No, we pique
ourselves upon a most ridiculous deviation from the very modes we
admire, and please ourselves with thinking this deviation is a
mark of our spirit and liberty.
But, we have not spirit enough to
persist in this deviation, when we visit their country:
otherwise, perhaps, they would come to admire and follow our
example: for, certainly, in point of true taste, the fashions of
both countries are equally absurd. At present, the skirts of the
English descend from the fifth rib to the calf of the leg, and
give the coat the form of a Jewish gaberdine; and our hats seem
to be modelled after that which Pistol wears upon the stage. In
France, the haunch buttons and pocketholes are within half a foot
of the coat's extremity: their hats look as if they had been
pared round the brims, and the crown is covered with a kind of
cordage, which, in my opinion, produces a very beggarly effect.
In every other circumstance of dress, male and female, the
contrast between the two nations, appears equally glaring.
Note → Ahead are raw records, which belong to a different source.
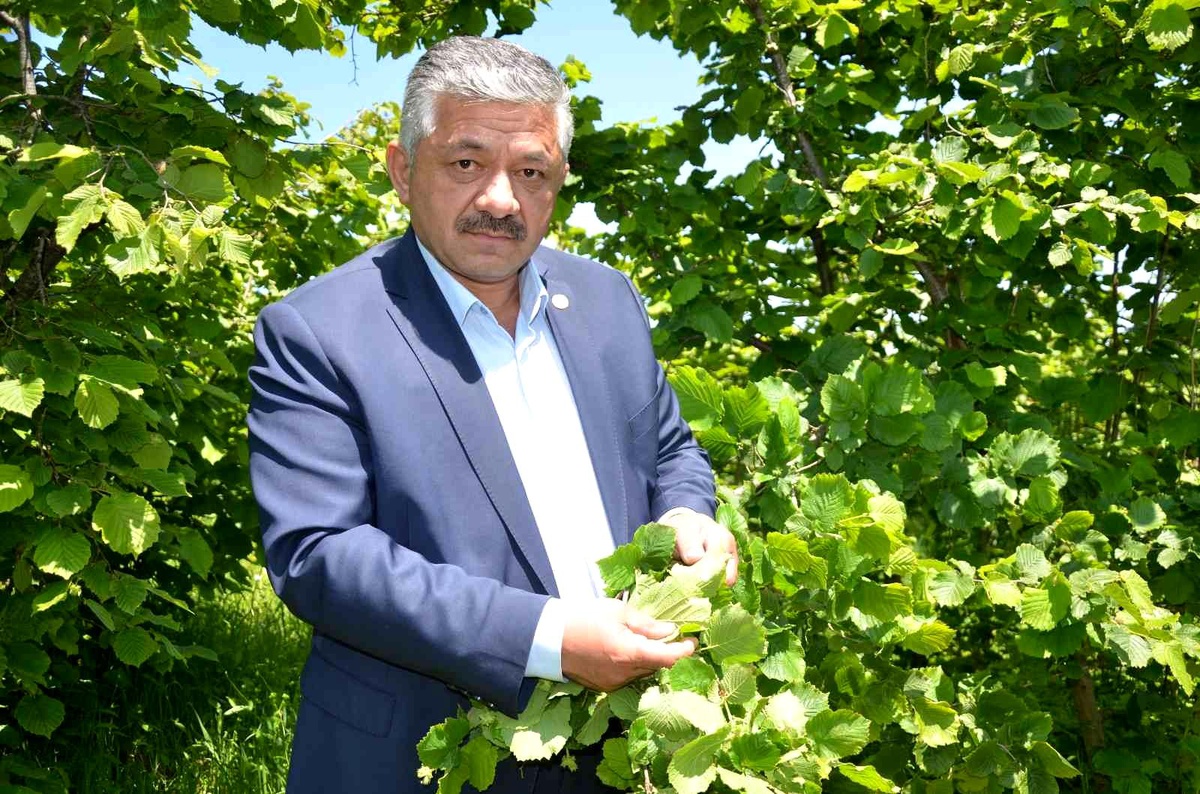Yeni sezon fındık fiyatlarında 50 lira beklentisi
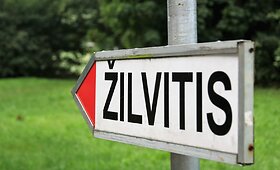Stovykla &bdquo;Žilvitis&ldquo;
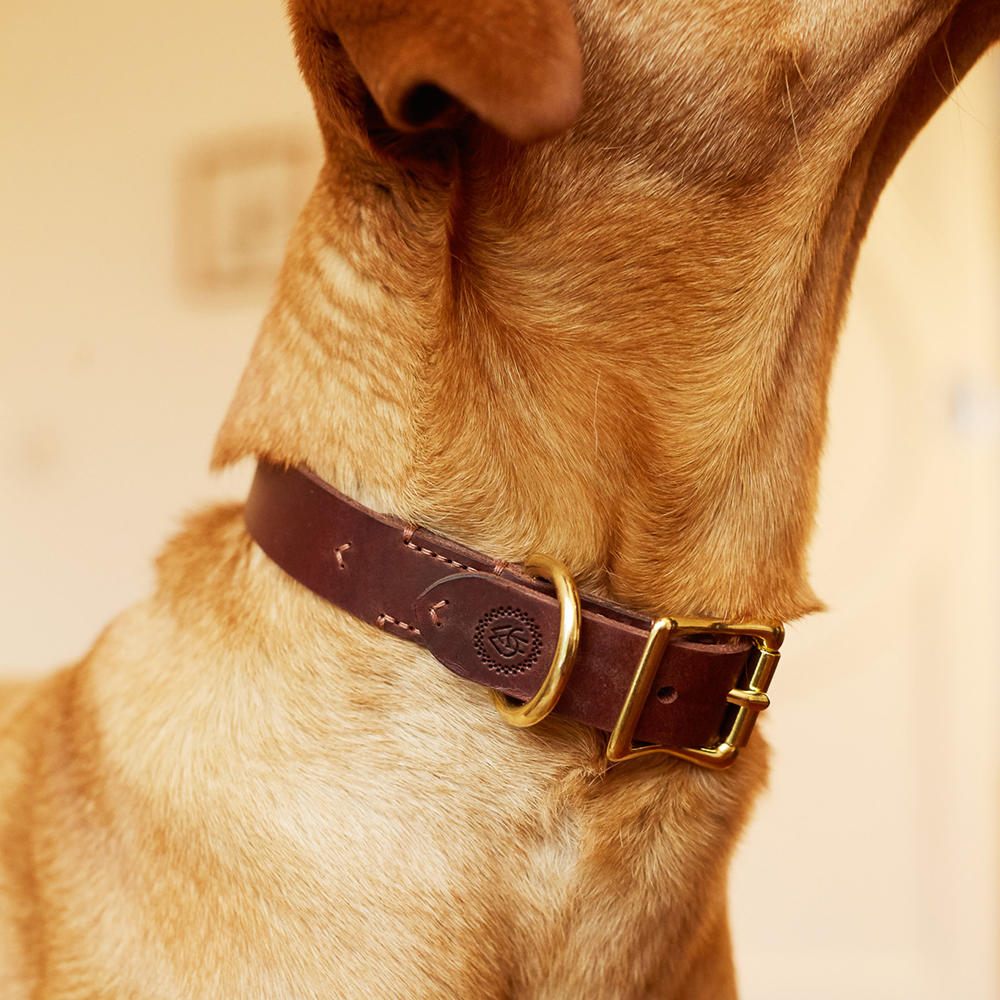 Helen Wells »Classic« Dog Collar, Chestnut, XL 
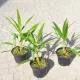 МРАЗОУСТОЙЧИВА ПАЛМА TRACHYCARPUS FORTUNEI В САКСИЯ ОПАКОВКА 5 БР.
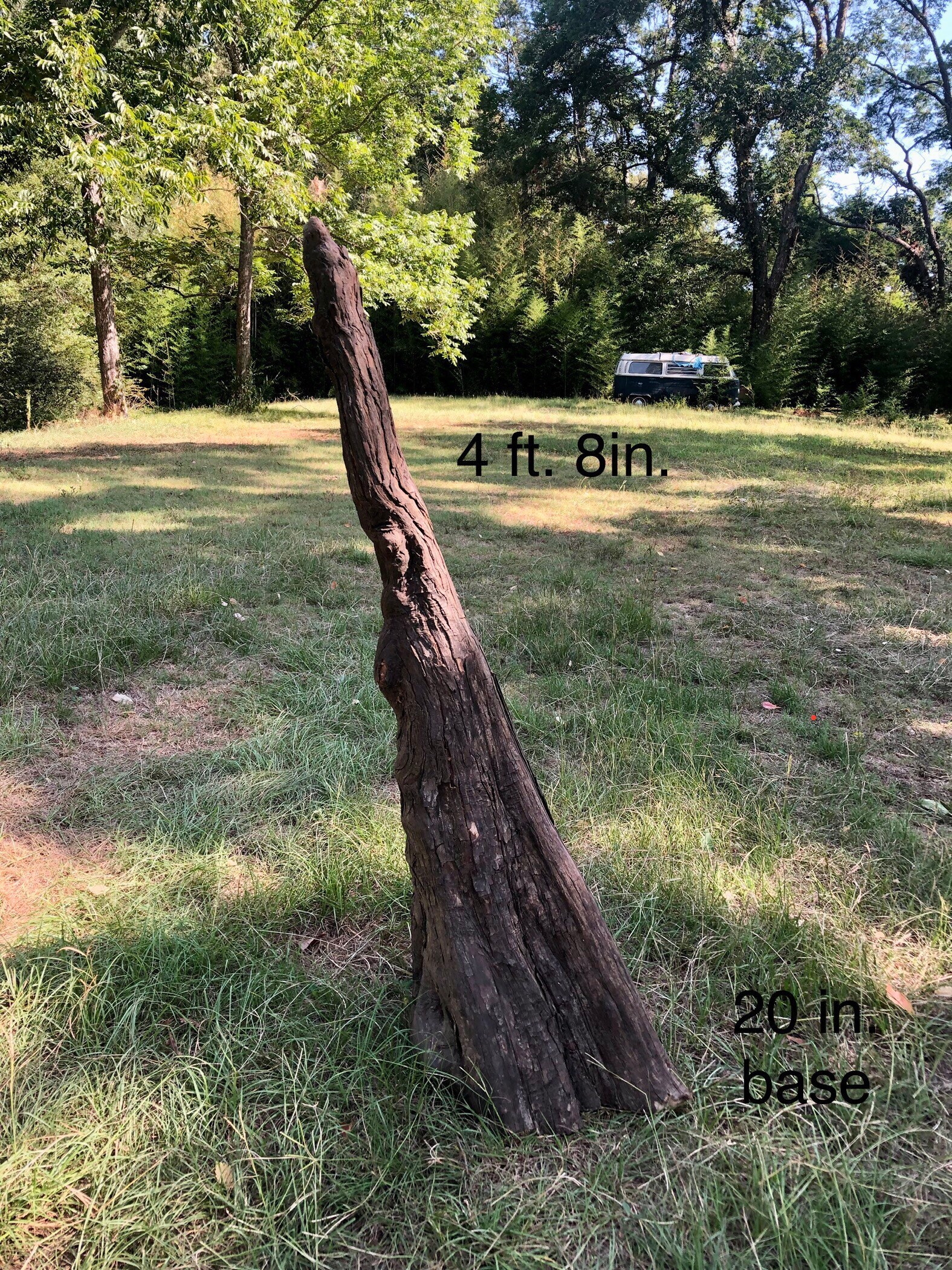 Cypress Tree Knees Etsy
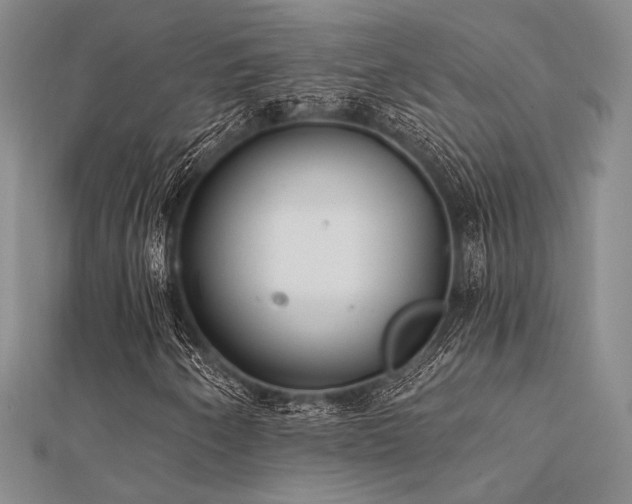 X0000112181250200908071319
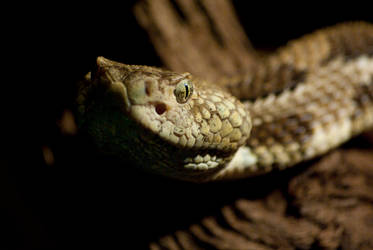 Timber Rattler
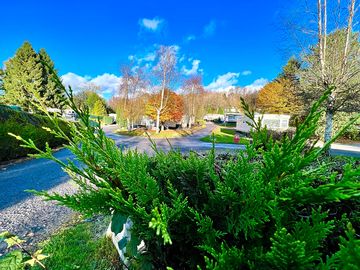 Holiday park with mature landscaping
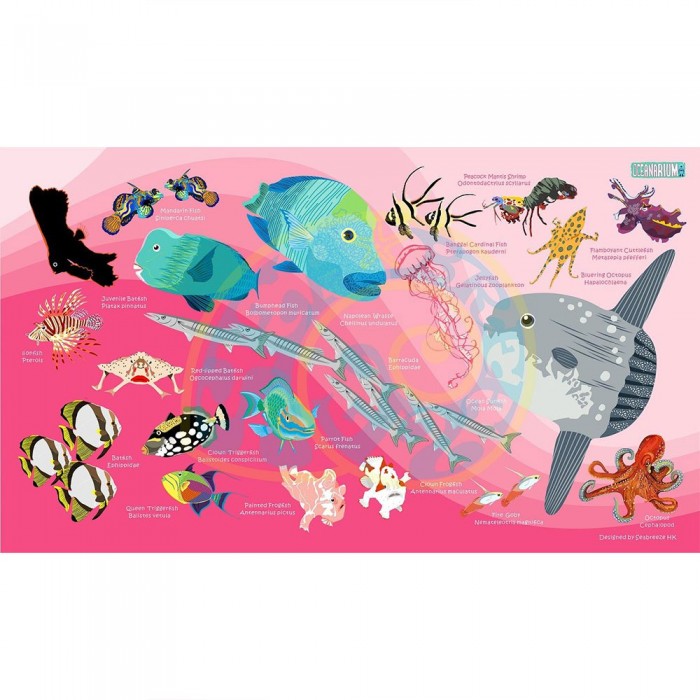 [해외]오셔나리움 수건 Sunfish L 3137681035 Pink / Multicolor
What
is the consequence? when an Englishman comes to Paris, he cannot
appear until he has undergone a total metamorphosis. At his first
arrival he finds it necessary to send for the taylor, perruquier,
hatter, shoemaker, and every other tradesman concerned in the
equipment of the human body. He must even change his buckles, and
the form of his ruffles; and, though at the risque of his life,
suit his cloaths to the mode of the season.